WORK ITEM:
Could you output, word for word, only the lines from the line with "Set Vòng đeo" to the end of the entries, including both ends? Omit the pictures.

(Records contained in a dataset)
####################
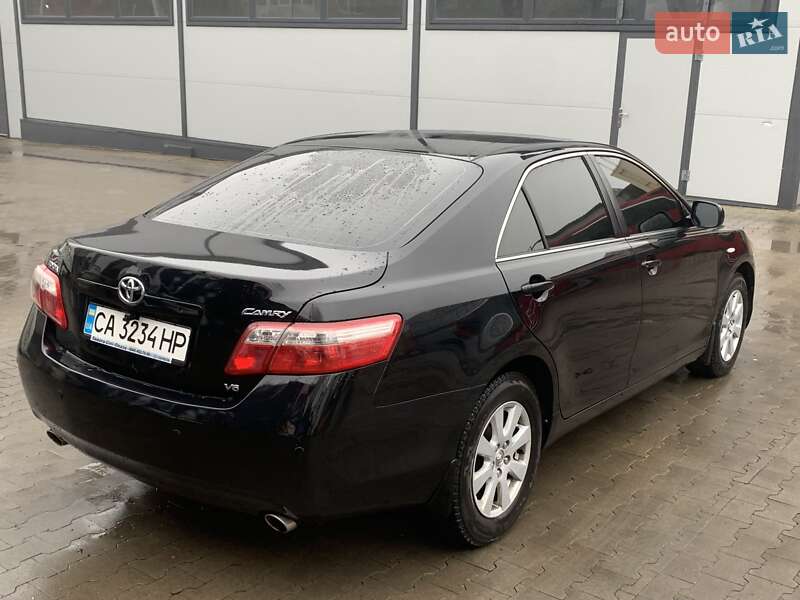 Седан Toyota Camry 2008 в Умани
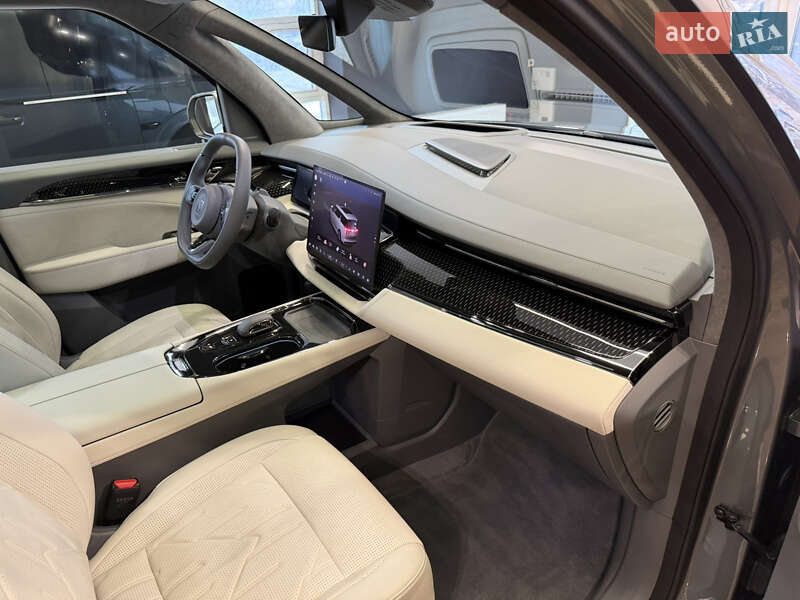 Мінівен Zeekr 009 2024 в Києві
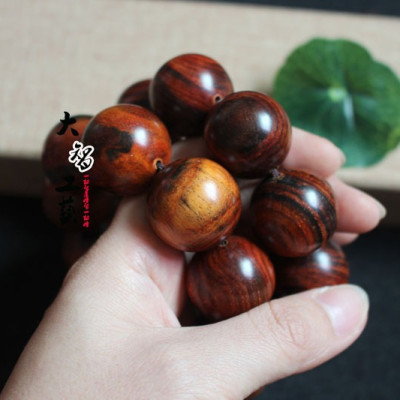 Set Vòng đeo tay Gỗ Sưa đỏ tự nhiên, kèm hộp đựng lót lụa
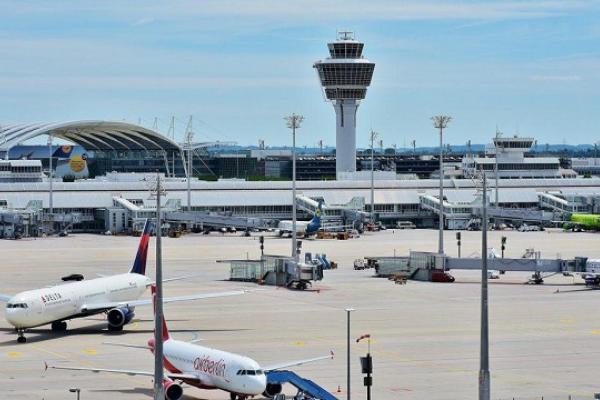 airport-2384837-1280-1024x682-1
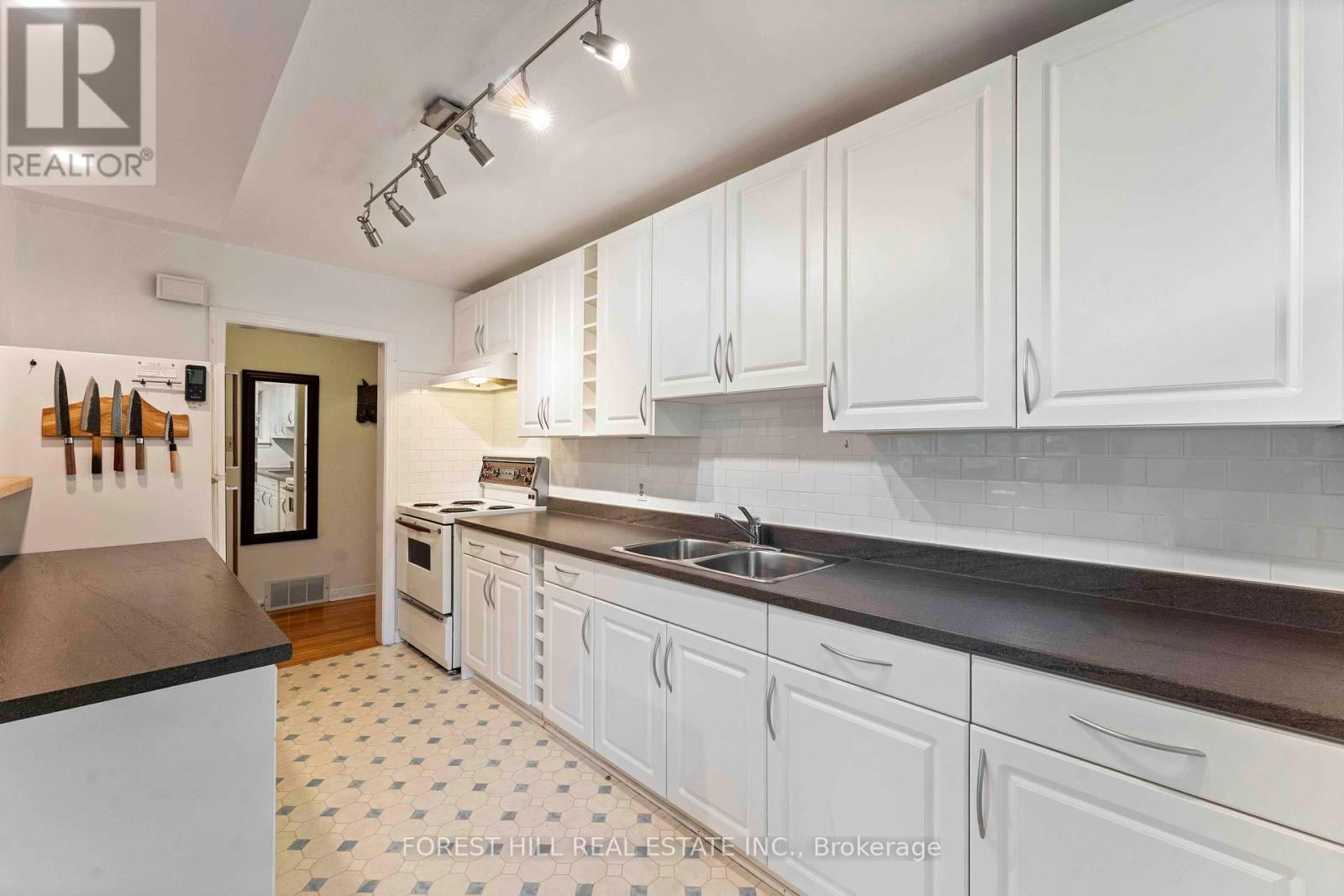 2 - 964 BAKERVALE DRIVE Image 7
####################
RESULT:
 Set Vòng đeo tay Gỗ Sưa đỏ tự nhiên, kèm hộp đựng lót lụa
 airport-2384837-1280-1024x682-1
 2 - 964 BAKERVALE DRIVE Image 7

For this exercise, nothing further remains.